Prompt: Range to repeat from the listing below: the line containing "áp đảo Lamine" down to the line containing "とんかつ山家 竹ノ塚店", both included. Copy it exactly, pictures excluded, and add nothing else.

*** Opening of Materials provided ***

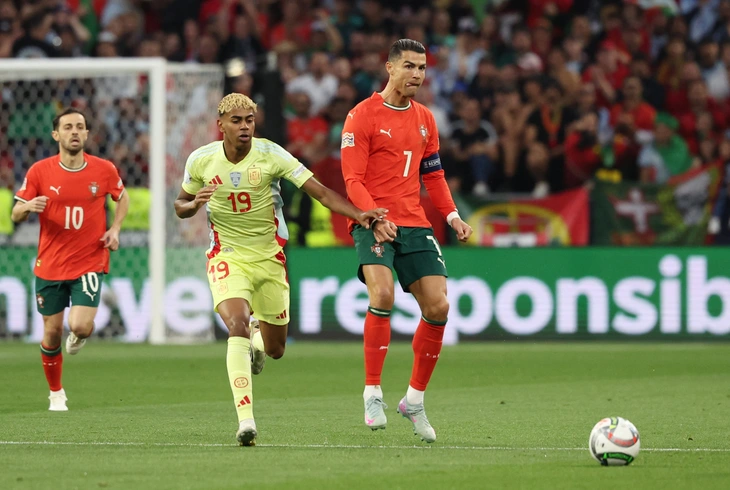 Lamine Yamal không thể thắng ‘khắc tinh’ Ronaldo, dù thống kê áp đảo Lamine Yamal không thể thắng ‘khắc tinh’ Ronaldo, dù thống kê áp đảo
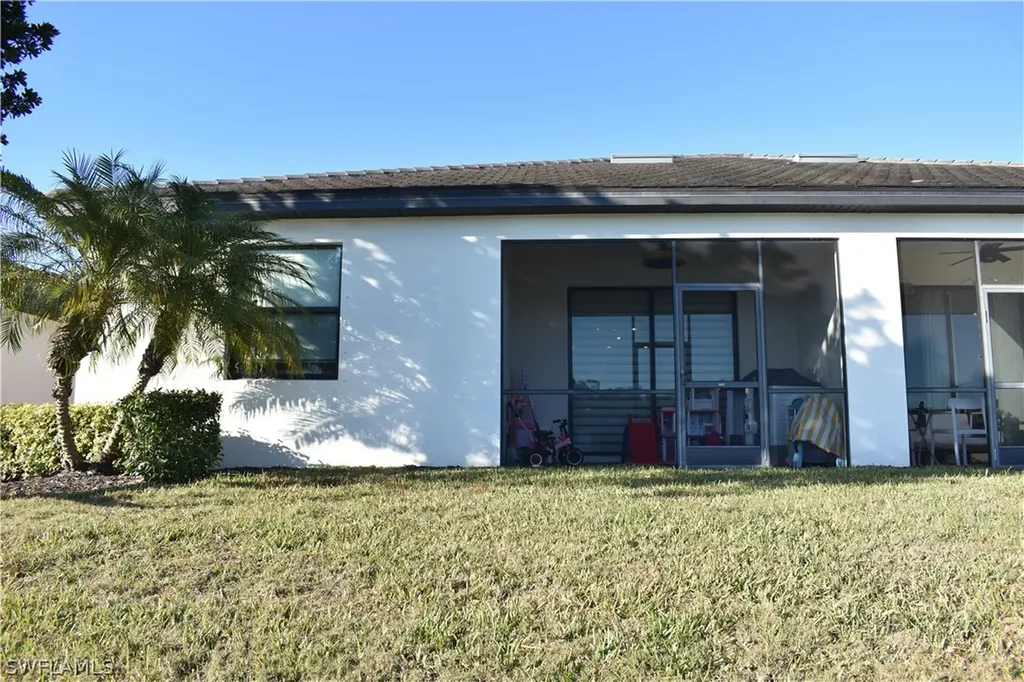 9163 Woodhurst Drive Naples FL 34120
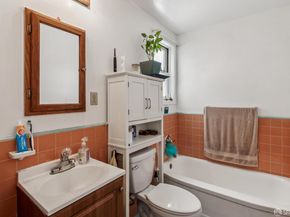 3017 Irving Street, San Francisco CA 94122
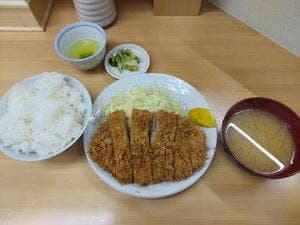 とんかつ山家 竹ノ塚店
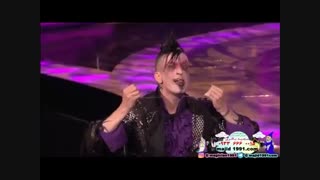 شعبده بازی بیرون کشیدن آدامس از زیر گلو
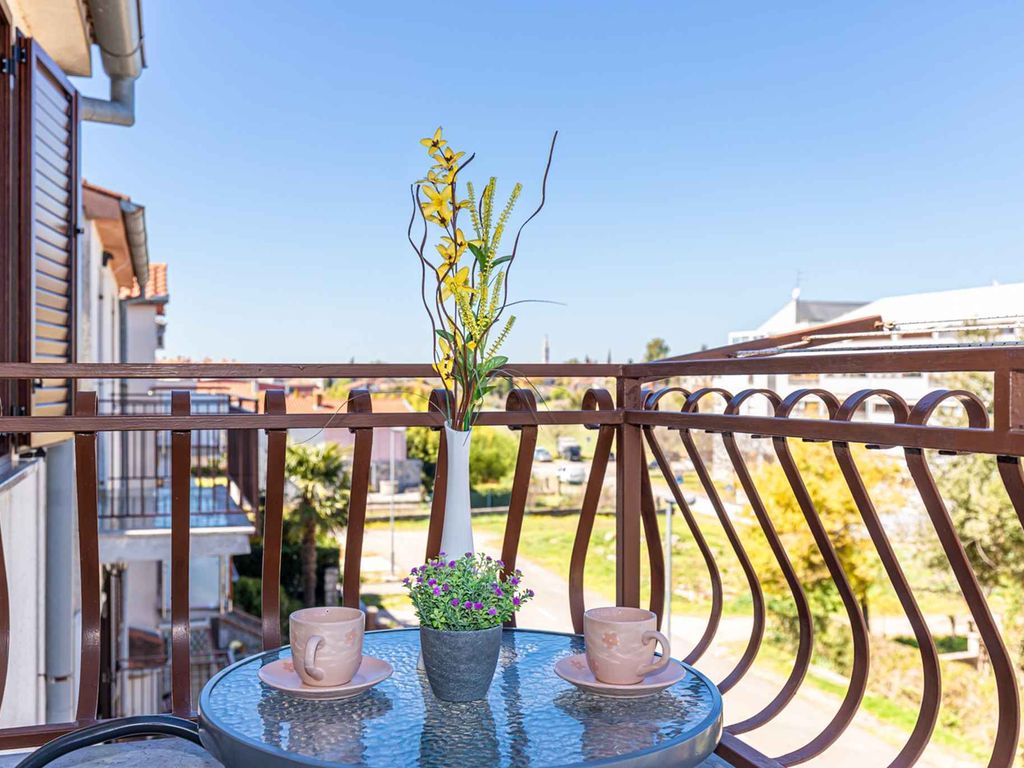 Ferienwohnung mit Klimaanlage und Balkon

*** Close of Materials provided ***
*** Opening of Materials provided ***

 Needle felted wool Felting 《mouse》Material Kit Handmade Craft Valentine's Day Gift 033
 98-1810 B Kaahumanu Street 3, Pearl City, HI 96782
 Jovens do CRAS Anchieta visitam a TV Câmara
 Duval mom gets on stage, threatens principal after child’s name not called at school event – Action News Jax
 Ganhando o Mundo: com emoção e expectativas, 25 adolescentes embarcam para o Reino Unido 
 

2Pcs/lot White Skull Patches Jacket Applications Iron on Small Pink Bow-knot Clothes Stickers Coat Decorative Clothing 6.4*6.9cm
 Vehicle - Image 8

*** Close of Materials provided ***
*** Opening of Materials provided ***

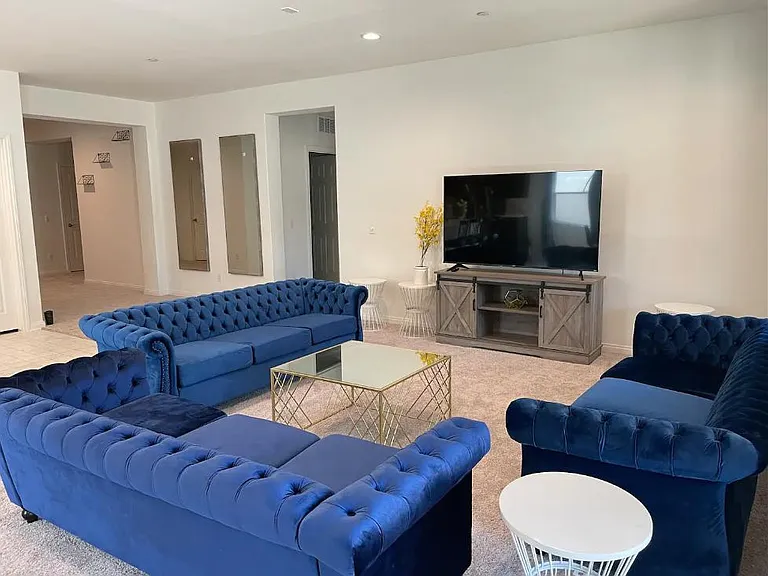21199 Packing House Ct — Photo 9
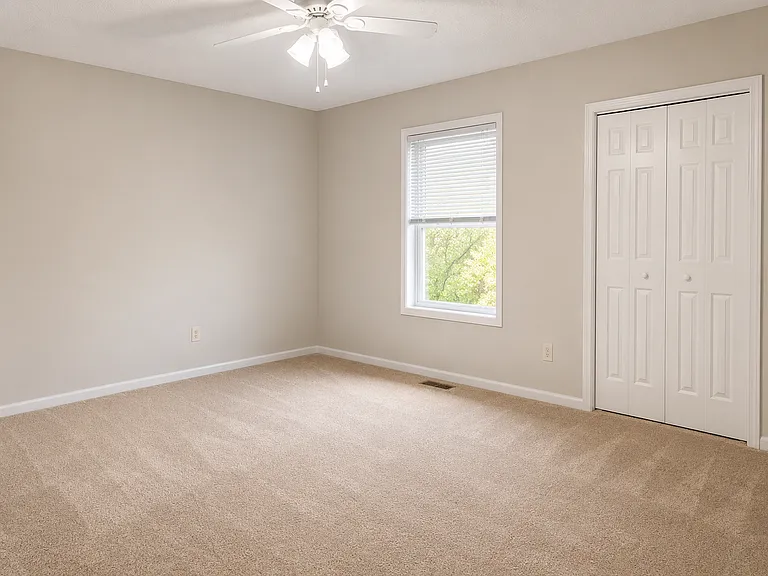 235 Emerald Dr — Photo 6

*** Close of Materials provided ***

Written solution:
 Lamine Yamal không thể thắng ‘khắc tinh’ Ronaldo, dù thống kê áp đảo Lamine Yamal không thể thắng ‘khắc tinh’ Ronaldo, dù thống kê áp đảo
 9163 Woodhurst Drive Naples FL 34120
 3017 Irving Street, San Francisco CA 94122
 とんかつ山家 竹ノ塚店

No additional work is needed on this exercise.